No entendemos la voz en off porque habla en romaní. Lo que la abuela cuenta es cómo fue asesinado su marido una noche que regresaba de tocar el violín en una boda: tres borrachos se lo cargaron por pura diversión. En la taverna, se vanagloriaban como antaño de la cacería nocturna. El título de la instalación es Tajsa. Ayer y mañana, porque los crímenes y la xenofobia persisten, mientras las supuestas leyes de integración permanecen en el terreno de la retórica. Es significativo que en romaní, tengan un solo nombre (tajsa) para referirse al pasado y la futuro.
El museo de arte contemporáneo de Varsovia es un bloque blanco, sin un solo cartel ni rótulo que nos de una idea de lo que se cuece en el interior. Como parte de la colección del museo, una gran esfera de asfalto dialoga con el minimalismo silencioso de la arquitectura: es obra de la artista ucraniana Zhanna Kadyrova, quien practica una suerte de conservación material de los vestigios urbanos y bélicos. Metal y asfalto. Al reducirlos a una geometría esencial de conos y esferas, condensan en su pura materialidad la memoria sin palabras del trauma.

En el museo hay bastantes obras referidas a la invasión rusa de Ucrania. Pero de otra invasión, la que empezó hace más de un siglo y que ahora ha puesto el turbo, nadie habla. Tema tabú.

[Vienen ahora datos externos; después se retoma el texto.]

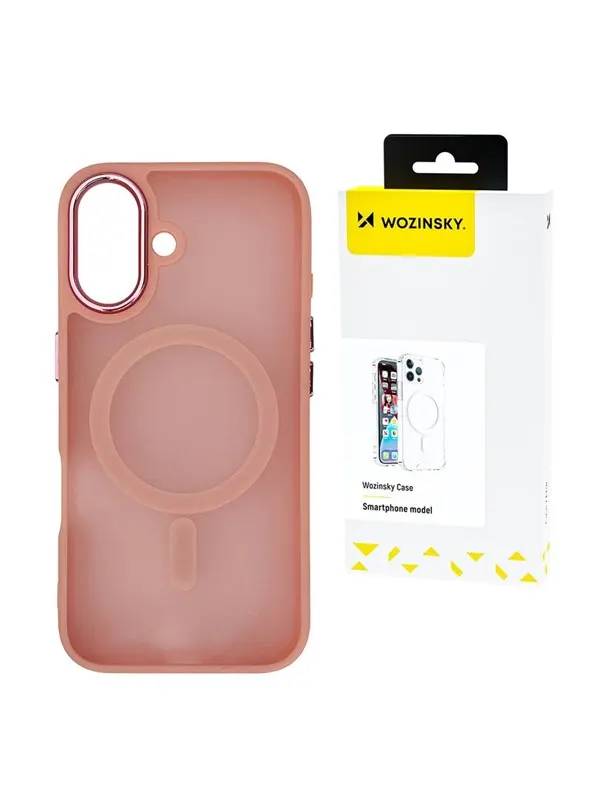 Wozinsky Fashion Case with MagSafe for Samsung Galaxy S24 FE - Pink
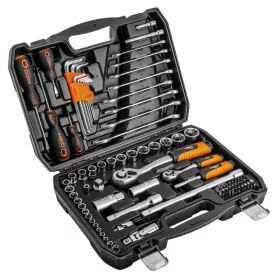   Dugókulcs Készlet 1/4"-1/2" 4-32Mm 100R. Neo Tools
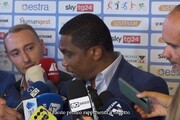 Eto'o riceve il Premio Fair Play Menarini: 'Rispetto per tutti'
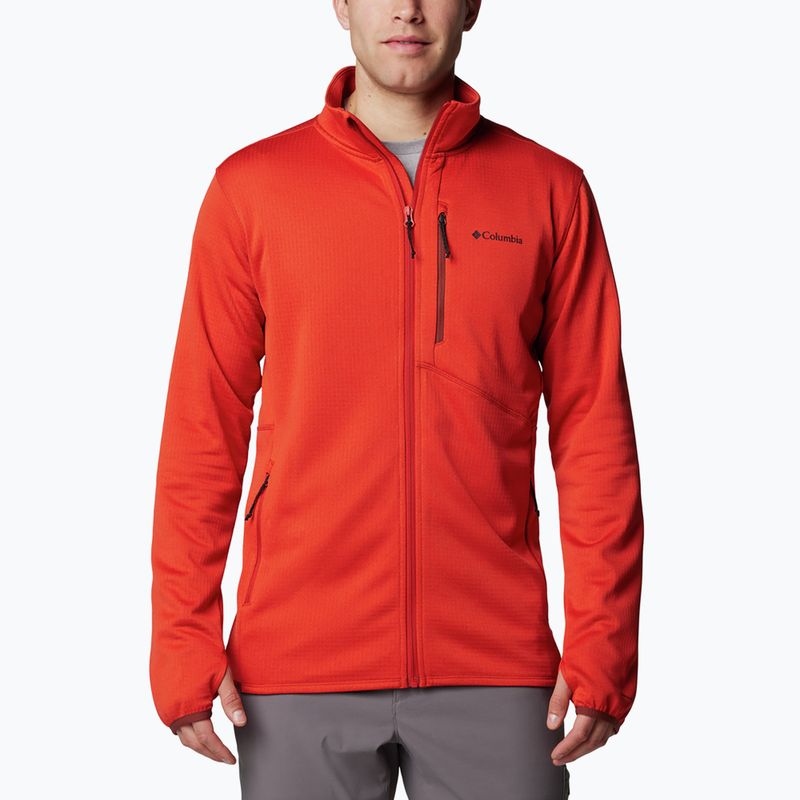 Férfi Columbia Park View Fleece FZ sail red heather trekking melegítőfelső 5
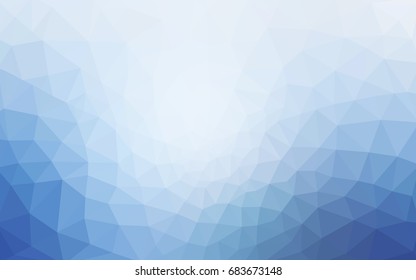 Light BLUE vector polygonal illustration, which consist of triangles. Triangular design for your business. Creative geometric background in Origami style with gradient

Salimos a la calle y, al pasar frente al Palacio Presidencial, nos topamos con una estatua viviente inquietante: un hombre arrodillado, el rostro cubierto por un pañuelo ceñido, las manos atadas a la espalda. Entre sus dedos aprisionados sostiene una pancarta en la que puede leerse, en polaco: “El holocausto es ahora”. Sorprende que la policía, lejos de interrumpirlo, observe con aparente respeto la acción de este performer, Igor Dobrowolski —también escultor, como descubrimos después en su página web—. No es la primera vez: ha repetido gestos semejantes en la entrada de Auschwitz, frente a las embajadas de Israel, Alemania y Estados Unidos. Un acto de valentía, nacido tras la declaración del gobierno polaco de brindar protección a los líderes israelíes invitados al aniversario del fin del Holocausto, aun cuando pesaran sobre ellos acusaciones de la justicia internacional.